Exercise input:
== == ==

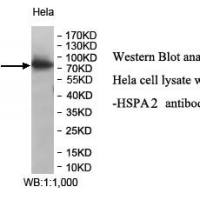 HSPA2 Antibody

== == ==

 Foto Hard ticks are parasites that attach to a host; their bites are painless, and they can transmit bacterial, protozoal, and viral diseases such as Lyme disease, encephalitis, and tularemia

== == ==

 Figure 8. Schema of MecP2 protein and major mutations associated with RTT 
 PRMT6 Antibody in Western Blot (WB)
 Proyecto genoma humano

== == ==

The problem: Out of the data above, set down the lines from the one with "PRMT6 Antibody in Western Blot (WB)" to the one with "Proyecto genoma humano", both included, exactly as written and with no additions.

Your response:
 PRMT6 Antibody in Western Blot (WB)
 Proyecto genoma humano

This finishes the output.